MAGICAL.  BROWN.  JUICE.
And this is not a double standard, for whatever that’s worth. I’ve had a diffident relationship with painkillers most of my life. I used to get some wicked headaches as a kid, and often taking an aspirin wouldn’t help, which as an adult I can look back on and realize probably means I needed stronger (possibly prescription) medicine but at the time just made me feel like popping pills was pointless (and I had a sensitive gag reflex and hated swallowing pills anyway). So to this day, despite the fact that I believe wholeheartedly in medical science and the good it can do, in this one particular area I’m always stupidly skeptical. (Twenty minutes for an analgesic to kick in? In twenty minutes my headache might go away ON ITS OWN.) (Yes my headaches are volitional, anthropomorphized things.) I guess I’m passing this on to my son in a way, at least until he’s old enough to decide for himself when to take over-the-counter meds and when not to.

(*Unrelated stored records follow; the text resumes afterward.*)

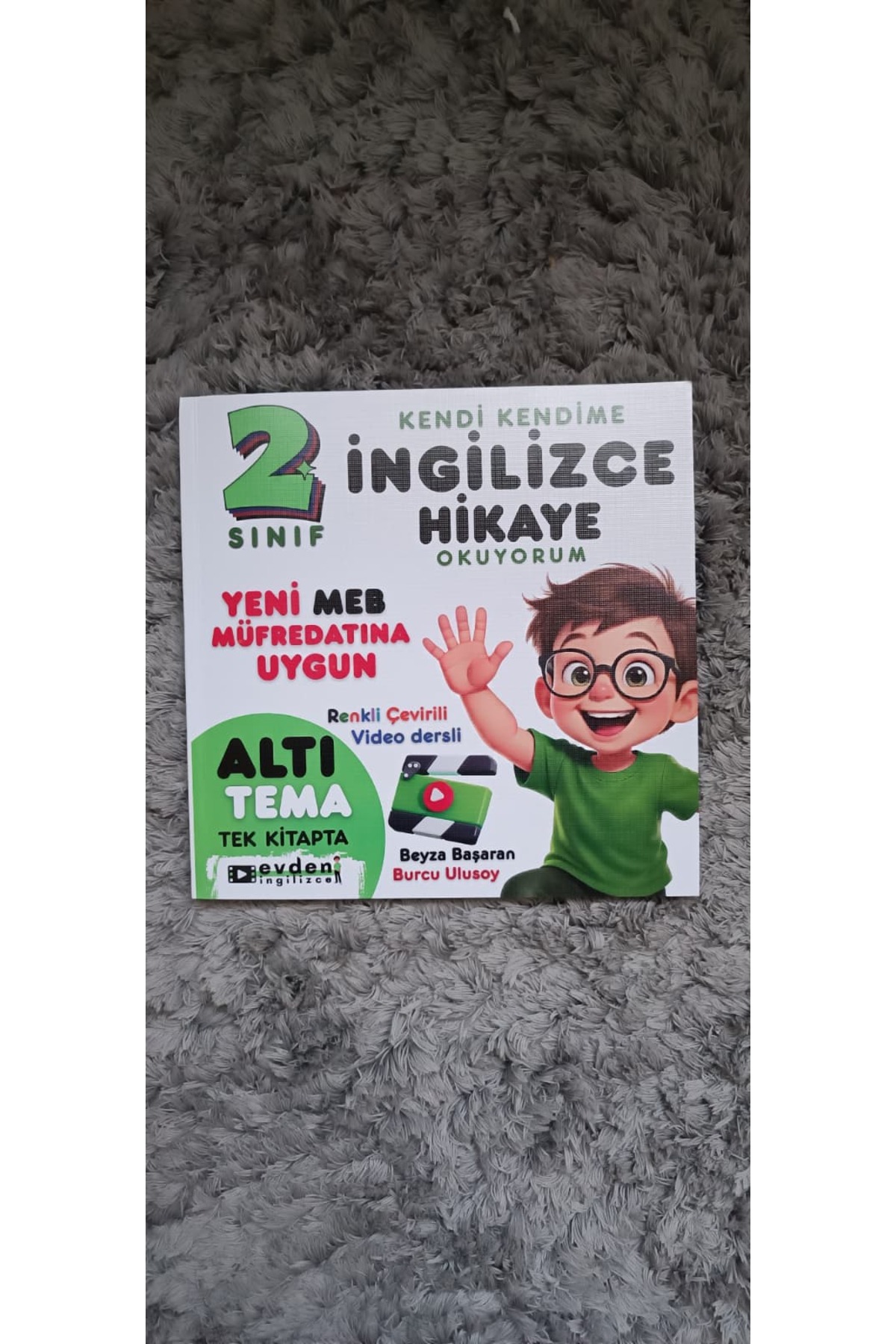 Erkan Önler Yayınları 2.SINIF İNGİLİZCE HİKAYE (VİDEO DERSLİ) fotoğrafı 2 (önizleme)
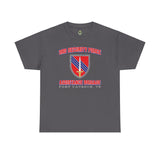 3rd SFAB Insignia - Unisex Heavy Cotton Tee T-Shirt Printify Charcoal S 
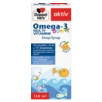 Illustration of the product packaging Doppelherz aktiv Omega-3 Junior front view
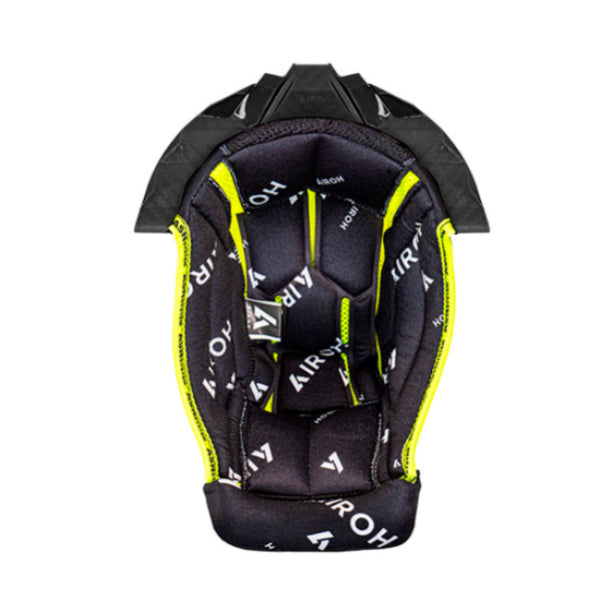 Coiffe Noire avec support noir Twist 3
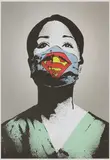 Fake, Untitled, b.1980) Super Nurse archival print in colours
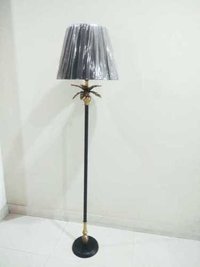 Floor Lamp - Metal, Different Sizes Available, Matte Black | Energy Saving Light Source, Modern Round Design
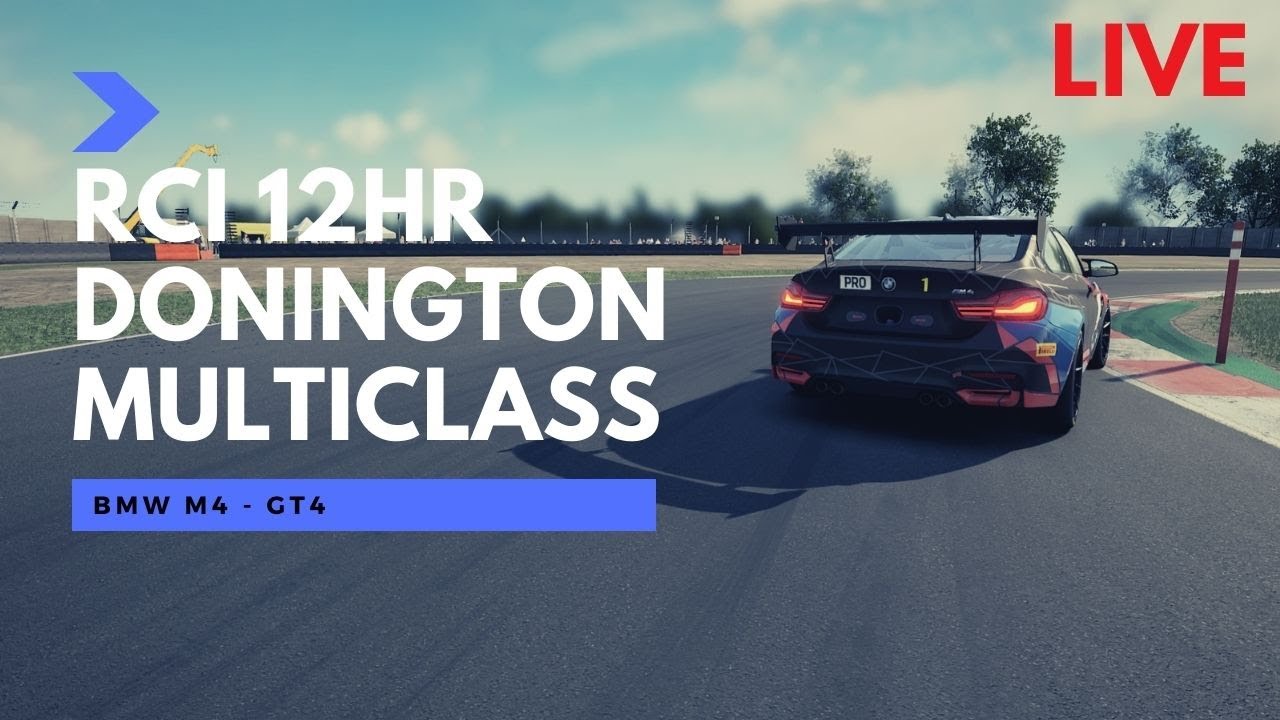 RCI 12hr Donington Multiclass - M4 GT4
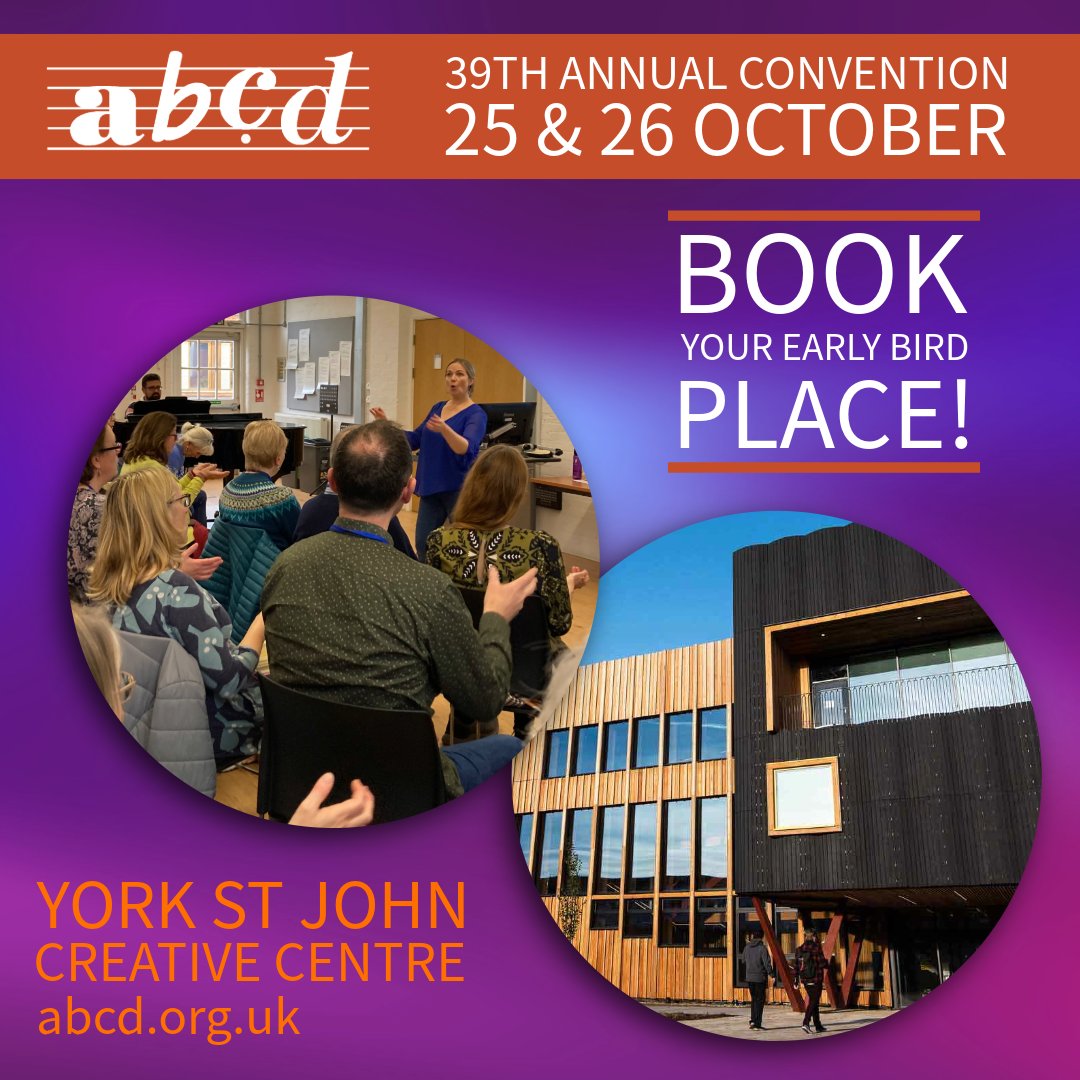 Association of British Choral Directors tweet media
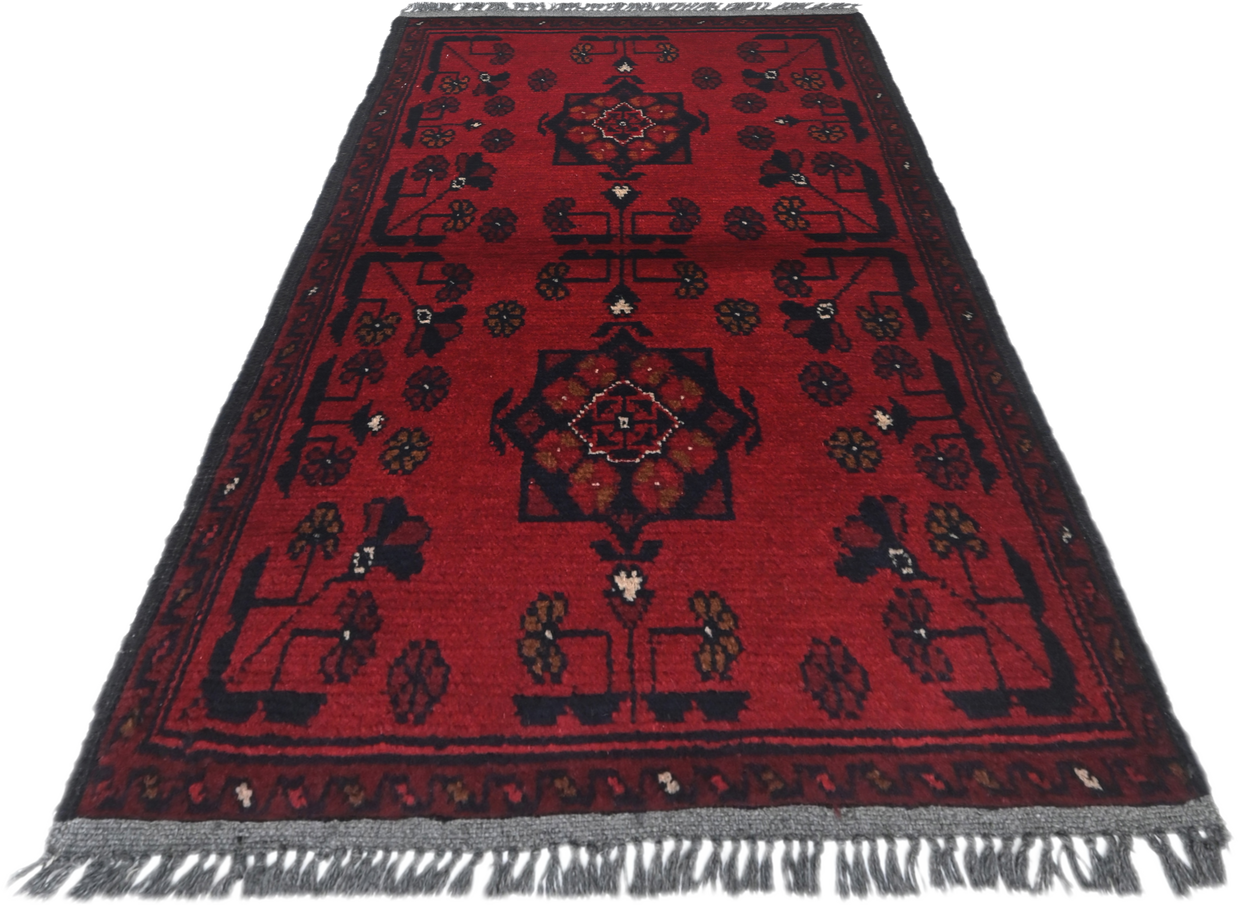 Khal Mohammadi Rug - 100 cm x 52 cm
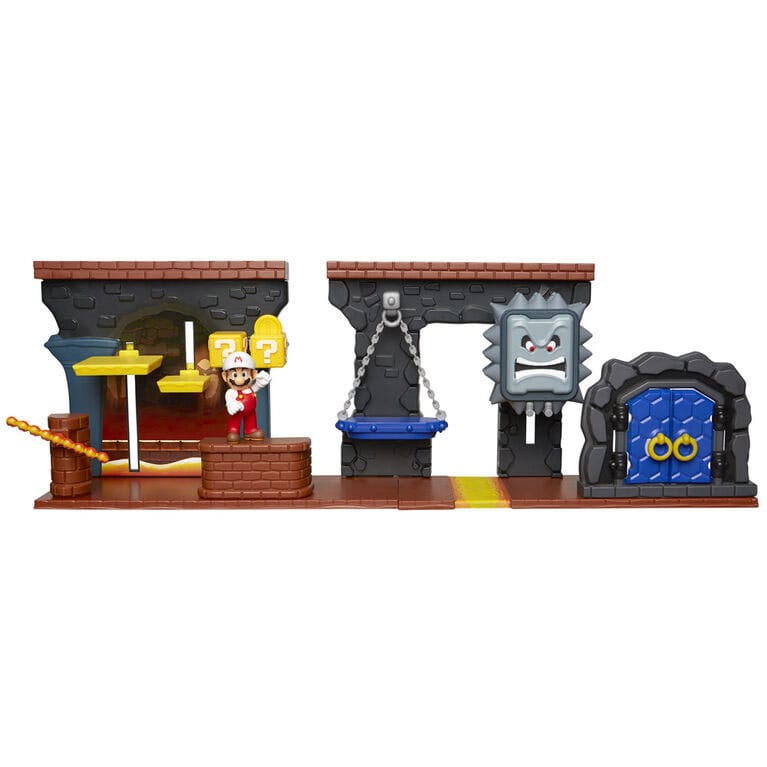 Nintendo Super Mario Dungeon Deluxe Playset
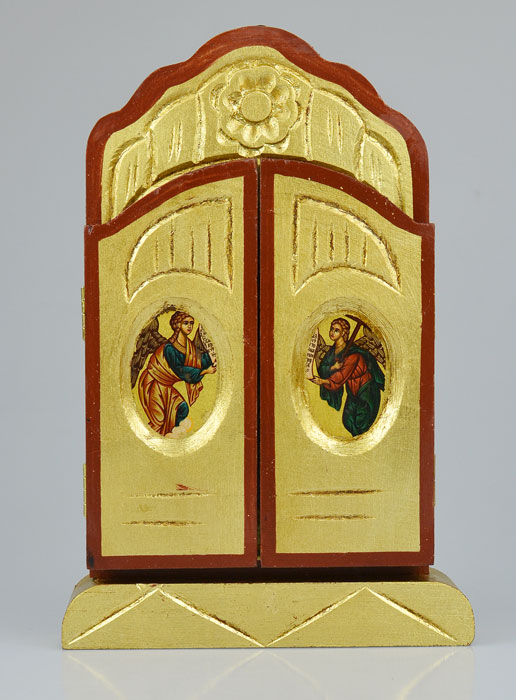 Icône Triptyque Vierge du Perpétuel Secours (pic 3)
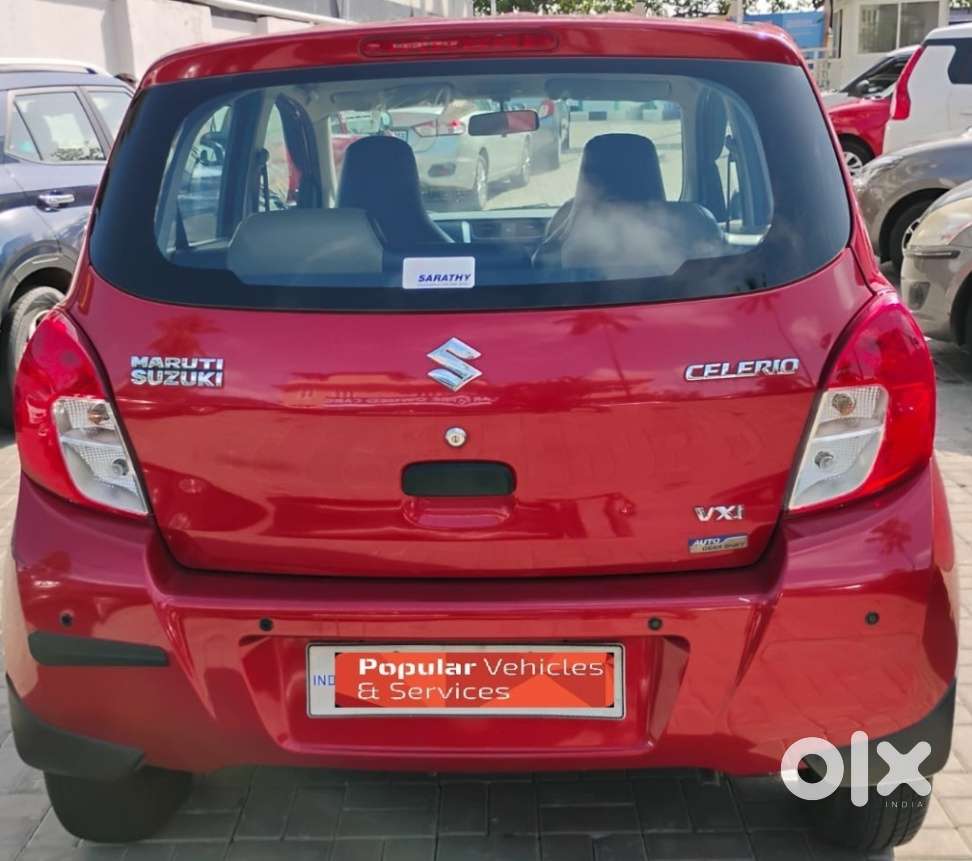 Maruti Suzuki Celerio 1.0 Vxi Amt, 2016, Petrol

My self-medicating option of choice, by the by, is food. I tend to eat more when I’m sick, swearing by the old “feed a cold” axiom and taking it undoubtedly way too far. I just got over a cold last week, and by then it was basically time to start getting ready for Thanksgiving, Christmas and everything in between. Not to mention that the whole house-buying process we are currently in the middle of is stressful and begs for its own gustatory amelioration. I don’t think the house-buying is going badly, and I don’t really believe that anything untoward is going to happen between now and when it’s finally a done deal, so I’m not feeling stressed in the sense of being scared, upset, angry, or any of those emotionally negative states. But the process involves more things to do each day than the norm, and often more things than I feel like I have the energy for, plus it’s often unpredictable which means I can’t do enough to prepare for the excess demands on my time because I don’t see them coming. That is stressful, and that in turn makes me want to stuff my gullet. All. The. Time. I suppose the bright side really is that all these things are perfect storming along all at once. When the holidays are over and it’s time to make New Year’s Resolutions we’ll be well-settled into our new house and I’ll have no distractions from reining in my gluttony. But for the next six weeks I will be fattening up like a goose. (Which, from my perspective, barely constitutes a complaint at all.)

1 comment:

  1. That whole "how do we get the kid to sleep/kid goes to sleep/why didn't we do that first" and reluctance to give Motrin? Yeah, me and the missus are so very well acquainted with all of that, and our Shep is (okay, was) a good sleeper.

    If you aren't second-guessing yourself at three in the morning, by jiminy, you aren't a parent!